Georges Eekhoud (27 May 1854 – 29 May 1927) was a Belgian novelist of Flemish descent, but writing in French.

Eekhoud was a regionalist best known for his ability to represent scenes from rural and urban daily life. He tended to portray the dark side of human desire and write about social outcasts and the working classes.

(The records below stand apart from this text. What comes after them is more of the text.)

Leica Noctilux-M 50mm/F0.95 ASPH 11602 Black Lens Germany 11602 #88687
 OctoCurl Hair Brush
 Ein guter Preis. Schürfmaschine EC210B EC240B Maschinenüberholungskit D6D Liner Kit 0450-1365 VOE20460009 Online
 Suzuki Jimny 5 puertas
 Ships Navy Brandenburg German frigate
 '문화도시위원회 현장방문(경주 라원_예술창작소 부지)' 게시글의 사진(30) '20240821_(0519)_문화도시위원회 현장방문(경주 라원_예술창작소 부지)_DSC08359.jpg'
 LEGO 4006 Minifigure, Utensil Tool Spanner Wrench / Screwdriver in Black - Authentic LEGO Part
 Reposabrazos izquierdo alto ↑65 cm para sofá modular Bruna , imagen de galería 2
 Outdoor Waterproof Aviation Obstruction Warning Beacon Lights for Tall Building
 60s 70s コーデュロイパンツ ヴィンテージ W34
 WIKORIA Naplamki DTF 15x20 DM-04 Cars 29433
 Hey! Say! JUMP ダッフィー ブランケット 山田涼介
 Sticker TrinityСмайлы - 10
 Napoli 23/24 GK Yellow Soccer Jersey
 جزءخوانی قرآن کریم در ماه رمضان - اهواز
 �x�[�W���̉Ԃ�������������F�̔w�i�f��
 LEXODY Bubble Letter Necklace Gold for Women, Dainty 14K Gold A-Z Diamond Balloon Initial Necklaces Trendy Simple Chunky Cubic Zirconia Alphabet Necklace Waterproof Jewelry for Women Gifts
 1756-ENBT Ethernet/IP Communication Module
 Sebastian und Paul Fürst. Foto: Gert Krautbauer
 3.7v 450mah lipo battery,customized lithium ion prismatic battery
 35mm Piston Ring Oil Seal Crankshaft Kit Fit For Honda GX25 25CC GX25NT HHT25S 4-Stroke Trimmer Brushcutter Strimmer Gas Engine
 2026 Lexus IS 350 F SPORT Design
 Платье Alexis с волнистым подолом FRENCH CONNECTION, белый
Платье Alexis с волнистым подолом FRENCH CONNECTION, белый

Eekhoud was born in Antwerp. A member of a fairly well-off family, he lost his parents as a young boy. When he came into his own he started working for a journal. First as a corrector, later he contributed a serial. In 1877, the generosity of his grandmother permitted young Eekhoud to publish his first two books, Myrtes et Cyprès and Zigzags poétiques, both volumes of poetry. In the beginning of the 1880s Eekhoud took part in several of the modern French-Belgian artist movements, like Les XX (The Twenty) and La Jeune Belgique (Young Belgium). Kees Doorik, his first novel was published in 1883, about the wild life of a tough young farmhand who committed a murder. The renowned free-thinking publisher Henri Kistemaeckers brought out a second edition three years later. Eekhoud received some guarded praise by famous authors like Edmond de Goncourt and Joris-Karl Huysmans who both sent Eekhoud a personal letter. For his second prose book, Kermesses (Fairs, 1884), not only Goncourt and Huysmans praised him, but also Émile Zola, about whom Eekhoud had written an essay in 1879.

In 1886 his novel Les milices de Saint-François (The Soldiers of Saint Francis Xavier) was published. By now Eekhoud's established subject was the rural Campine, a poor farmers' district east of Antwerp. He had a distinct style permeated with enthusiasm for the roguish young farm labourers and their rough-and-tumble lives. His most famous novel, La nouvelle Carthage (The New Carthage) was published in its definitive form in 1893, and many times reprinted. It has also been translated in English, German, Dutch, Russian, Romanian and Czech. The rustic Campine was in this book replaced with the brutal life of love and death in the Antwerp dockland metropolis and its dirty industry.

In 1899 Eekhoud offered to his readers a new and daring novel, Escal-Vigor. This is the name of the castle of its protagonist, count Henry de Kehlmark, but it conveys the name 'Escaut', French for the river Scheldt, and 'Vigor', Latin for Power. Many of these readers were shocked, because the book is concerned with love between men. According to Eekhoud's biographer Mirande Lucien, Escal-Vigor was the book of a man who wanted to speak about himself in all freedom. Escal-Vigor is a homogeneous, linear text. The story goes without detours to its final scene of the martyrdom, the moment that the tortured bodies testify of the justness of their cause. As for its composition, Escal-Vigor is the least decadent of Eekhoud's works. Eekhoud makes much less use of the elaborate and old-fashioned words that make the reader stop and wonder.